Common Mistakes to Avoid
Do not submit a PR without reading the contributing guide. This is the most common way to frustrate a maintainer.
Do not claim an issue and then disappear. If you realise you cannot complete the work, comment on the issue to let others know.
Do not open a massive PR as your first contribution. Start with something small and self-contained. Build trust first.
Do not take rejection personally. Maintainers are volunteers with limited time. A rejected PR is feedback, not a judgement of your worth as a developer.
Building from Here
Your first contribution will feel slow and uncertain. That is completely normal. The second one will be faster, and by the third, the process will feel natural.
Over time, you may find a project that resonates with you. You will go from fixing typos to implementing features, from submitting PRs to reviewing them, and eventually from contributor to maintainer. If the journey from contributor to project leader interests you, the guide on maintaining an open source project covers the lessons learned along the way.
Open source is not just about code.
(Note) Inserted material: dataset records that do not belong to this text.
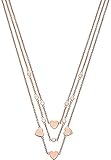 Verschluss: Karabiner Emporio Armani EG3394221 Damen Collier Herzen Rose 45 cm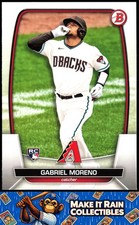 Gabriel Moreno 2023 Bowman #69 Arizona Diamondbacks Rookie RC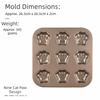 Non Stick Cake Plate 4/6/9/12 Cavity Cake Muffin Tin Tray Cute Cake Mold  for Home Kitchen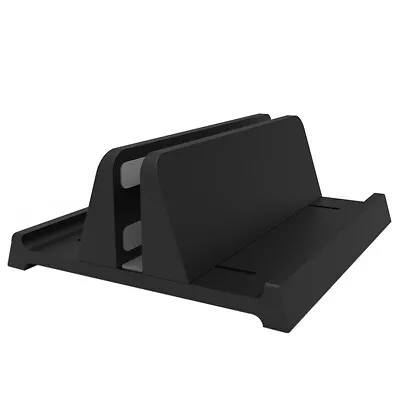 Vertical Laptop Stand Holder Desktop Stand Adjustable For MacBook Notebook UK • £8.67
It is a community of people building things together. Your first pull request is the invitation to join. The skills you develop, from writing clear commit messages to navigating code review, transfer directly to every professional development role you will ever hold.
Frequently asked questions
Do I need to be an experienced developer to contribute to open source?
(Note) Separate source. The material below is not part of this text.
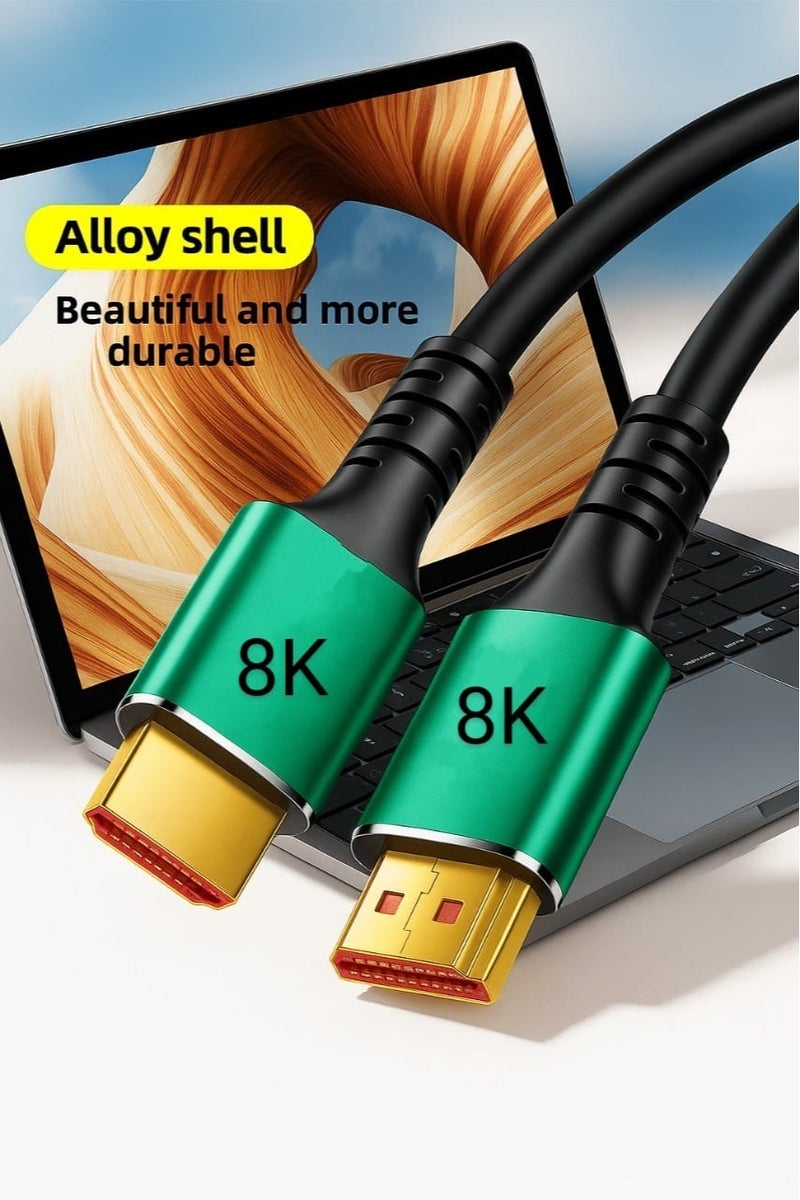 HDMI Cable 8K 3M 2.1 Ultra HD High-Speed  Braided Cord eARC Dynamic HDR Dolby Vision for MacBook Pro PS5 Switch TV Xbox Roku UHD TV Blu-ray Projector - Image 2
No. Many open source projects need help with documentation, testing, bug triage, and small code fixes. These are genuine contributions that maintainers value. You do not need to be a senior engineer to make a meaningful impact.
How do I find beginner-friendly open source projects?
Look for repositories with labels like 'good first issue', 'help wanted', or 'beginner-friendly'. GitHub's Explore page, goodfirstissue.dev, and up-for-grabs.net all curate beginner-friendly issues. Also consider projects you already use, as your familiarity with the tool is an advantage.
What if my pull request gets rejected?
Rejection is normal and not personal. Maintainers may reject contributions for many reasons: the change does not align with the project's direction, the implementation approach is not what they had in mind, or the issue was already being worked on. Ask for feedback, learn from it, and try again.
How much time should I expect to spend on a first contribution?
Plan for a few hours spread across a couple of days. Setting up the development environment, understanding the codebase, making the change, and writing tests all take time. Your second contribution to the same project will be much faster.
Can open source contributions help me get a job?
Yes. Contributions demonstrate practical skills, collaboration ability, and initiative. They show you can work with real codebases, follow coding standards, and communicate through code review. Many hiring managers view open source contributions favourably.